[INFORMATION SHOWN]

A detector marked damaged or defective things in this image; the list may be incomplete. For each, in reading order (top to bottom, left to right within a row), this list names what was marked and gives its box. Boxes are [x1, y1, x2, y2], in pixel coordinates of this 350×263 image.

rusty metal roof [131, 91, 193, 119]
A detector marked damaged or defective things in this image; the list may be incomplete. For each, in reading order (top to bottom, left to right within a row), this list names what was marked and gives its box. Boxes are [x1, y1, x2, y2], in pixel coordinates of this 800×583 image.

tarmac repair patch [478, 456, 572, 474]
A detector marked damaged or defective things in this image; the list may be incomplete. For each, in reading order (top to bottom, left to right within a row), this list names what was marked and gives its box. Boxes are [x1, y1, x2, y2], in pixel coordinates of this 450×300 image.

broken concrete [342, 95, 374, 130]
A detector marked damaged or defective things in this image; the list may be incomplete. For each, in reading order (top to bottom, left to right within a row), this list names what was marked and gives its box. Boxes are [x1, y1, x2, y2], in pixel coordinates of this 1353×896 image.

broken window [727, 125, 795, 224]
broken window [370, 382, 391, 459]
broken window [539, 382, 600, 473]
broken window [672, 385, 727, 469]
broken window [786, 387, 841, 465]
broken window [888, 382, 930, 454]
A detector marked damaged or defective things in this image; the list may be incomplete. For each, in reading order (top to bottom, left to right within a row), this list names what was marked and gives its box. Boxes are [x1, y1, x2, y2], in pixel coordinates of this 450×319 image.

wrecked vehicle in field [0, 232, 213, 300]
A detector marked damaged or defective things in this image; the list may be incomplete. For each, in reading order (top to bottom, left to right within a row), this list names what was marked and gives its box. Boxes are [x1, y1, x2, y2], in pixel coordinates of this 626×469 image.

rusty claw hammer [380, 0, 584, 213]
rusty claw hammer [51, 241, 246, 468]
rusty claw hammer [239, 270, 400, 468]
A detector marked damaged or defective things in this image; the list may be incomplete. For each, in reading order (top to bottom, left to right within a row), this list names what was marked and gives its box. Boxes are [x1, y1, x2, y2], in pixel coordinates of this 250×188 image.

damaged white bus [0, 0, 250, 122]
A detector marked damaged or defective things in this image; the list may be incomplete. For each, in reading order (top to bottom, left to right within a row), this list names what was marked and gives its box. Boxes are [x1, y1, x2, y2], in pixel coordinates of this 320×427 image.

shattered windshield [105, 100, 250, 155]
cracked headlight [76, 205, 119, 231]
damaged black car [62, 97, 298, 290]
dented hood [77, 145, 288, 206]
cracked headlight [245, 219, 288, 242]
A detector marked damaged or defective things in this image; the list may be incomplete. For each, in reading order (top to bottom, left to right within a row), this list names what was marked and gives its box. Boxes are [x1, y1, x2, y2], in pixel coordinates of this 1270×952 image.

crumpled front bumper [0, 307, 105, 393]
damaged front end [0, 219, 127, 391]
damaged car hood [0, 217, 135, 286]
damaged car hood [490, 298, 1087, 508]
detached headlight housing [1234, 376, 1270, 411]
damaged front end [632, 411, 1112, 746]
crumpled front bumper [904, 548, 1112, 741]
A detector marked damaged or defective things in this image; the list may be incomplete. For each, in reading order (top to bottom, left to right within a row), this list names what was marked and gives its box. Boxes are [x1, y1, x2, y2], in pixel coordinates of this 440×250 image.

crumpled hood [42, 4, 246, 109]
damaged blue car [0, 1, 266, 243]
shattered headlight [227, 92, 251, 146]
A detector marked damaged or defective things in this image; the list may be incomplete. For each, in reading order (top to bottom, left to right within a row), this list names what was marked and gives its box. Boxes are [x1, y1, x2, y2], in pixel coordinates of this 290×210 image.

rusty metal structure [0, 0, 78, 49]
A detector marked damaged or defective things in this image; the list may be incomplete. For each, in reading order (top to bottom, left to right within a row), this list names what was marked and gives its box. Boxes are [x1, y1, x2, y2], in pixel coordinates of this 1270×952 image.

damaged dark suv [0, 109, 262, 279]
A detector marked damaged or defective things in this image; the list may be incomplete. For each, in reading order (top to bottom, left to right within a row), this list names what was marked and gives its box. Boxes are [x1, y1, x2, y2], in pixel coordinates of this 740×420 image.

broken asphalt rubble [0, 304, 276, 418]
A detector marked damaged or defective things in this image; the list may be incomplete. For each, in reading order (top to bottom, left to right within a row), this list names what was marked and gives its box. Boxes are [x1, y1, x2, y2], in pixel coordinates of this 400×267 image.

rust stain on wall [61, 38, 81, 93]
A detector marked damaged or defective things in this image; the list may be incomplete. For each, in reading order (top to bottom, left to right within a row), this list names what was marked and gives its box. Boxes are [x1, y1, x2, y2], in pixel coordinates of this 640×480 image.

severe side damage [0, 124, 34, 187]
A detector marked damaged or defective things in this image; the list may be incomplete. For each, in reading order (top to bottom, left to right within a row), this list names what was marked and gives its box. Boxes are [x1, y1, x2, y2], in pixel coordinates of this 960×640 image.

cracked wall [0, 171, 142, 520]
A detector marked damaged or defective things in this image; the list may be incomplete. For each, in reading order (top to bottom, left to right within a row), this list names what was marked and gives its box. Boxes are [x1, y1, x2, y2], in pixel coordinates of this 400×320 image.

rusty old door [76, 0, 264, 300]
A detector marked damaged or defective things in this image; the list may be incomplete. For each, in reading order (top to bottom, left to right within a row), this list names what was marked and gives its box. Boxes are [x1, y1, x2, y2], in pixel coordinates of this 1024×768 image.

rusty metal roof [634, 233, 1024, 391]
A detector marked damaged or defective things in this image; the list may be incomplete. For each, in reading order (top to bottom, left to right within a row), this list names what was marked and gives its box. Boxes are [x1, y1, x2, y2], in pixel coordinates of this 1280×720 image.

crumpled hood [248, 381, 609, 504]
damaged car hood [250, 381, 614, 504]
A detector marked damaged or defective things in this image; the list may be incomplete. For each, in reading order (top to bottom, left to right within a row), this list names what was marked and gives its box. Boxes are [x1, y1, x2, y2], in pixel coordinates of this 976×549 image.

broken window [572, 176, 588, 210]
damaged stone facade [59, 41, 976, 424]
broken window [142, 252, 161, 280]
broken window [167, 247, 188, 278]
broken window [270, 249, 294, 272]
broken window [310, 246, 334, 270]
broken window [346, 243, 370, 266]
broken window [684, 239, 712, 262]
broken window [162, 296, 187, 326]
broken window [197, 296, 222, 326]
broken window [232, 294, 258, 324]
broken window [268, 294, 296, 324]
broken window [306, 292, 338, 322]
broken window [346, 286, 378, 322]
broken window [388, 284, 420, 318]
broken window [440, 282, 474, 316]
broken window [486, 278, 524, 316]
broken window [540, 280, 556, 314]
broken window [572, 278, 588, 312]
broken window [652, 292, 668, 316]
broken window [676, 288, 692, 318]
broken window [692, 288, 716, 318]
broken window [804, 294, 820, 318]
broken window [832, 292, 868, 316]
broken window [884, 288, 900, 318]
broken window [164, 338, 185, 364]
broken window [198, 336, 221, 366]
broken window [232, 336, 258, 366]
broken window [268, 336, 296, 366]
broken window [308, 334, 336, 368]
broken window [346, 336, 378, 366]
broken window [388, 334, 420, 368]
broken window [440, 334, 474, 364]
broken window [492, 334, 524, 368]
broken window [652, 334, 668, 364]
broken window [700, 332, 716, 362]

[/INFORMATION SHOWN]

**EXERCISE BRIEF**
Please write out, exactly as they appear, the lines from the line containing "this 976×549 image." through the last line of the records above, both included.

**RESPONSE BOX**
A detector marked damaged or defective things in this image; the list may be incomplete. For each, in reading order (top to bottom, left to right within a row), this list names what was marked and gives its box. Boxes are [x1, y1, x2, y2], in pixel coordinates of this 976×549 image.

broken window [572, 176, 588, 210]
damaged stone facade [59, 41, 976, 424]
broken window [142, 252, 161, 280]
broken window [167, 247, 188, 278]
broken window [270, 249, 294, 272]
broken window [310, 246, 334, 270]
broken window [346, 243, 370, 266]
broken window [684, 239, 712, 262]
broken window [162, 296, 187, 326]
broken window [197, 296, 222, 326]
broken window [232, 294, 258, 324]
broken window [268, 294, 296, 324]
broken window [306, 292, 338, 322]
broken window [346, 286, 378, 322]
broken window [388, 284, 420, 318]
broken window [440, 282, 474, 316]
broken window [486, 278, 524, 316]
broken window [540, 280, 556, 314]
broken window [572, 278, 588, 312]
broken window [652, 292, 668, 316]
broken window [676, 288, 692, 318]
broken window [692, 288, 716, 318]
broken window [804, 294, 820, 318]
broken window [832, 292, 868, 316]
broken window [884, 288, 900, 318]
broken window [164, 338, 185, 364]
broken window [198, 336, 221, 366]
broken window [232, 336, 258, 366]
broken window [268, 336, 296, 366]
broken window [308, 334, 336, 368]
broken window [346, 336, 378, 366]
broken window [388, 334, 420, 368]
broken window [440, 334, 474, 364]
broken window [492, 334, 524, 368]
broken window [652, 334, 668, 364]
broken window [700, 332, 716, 362]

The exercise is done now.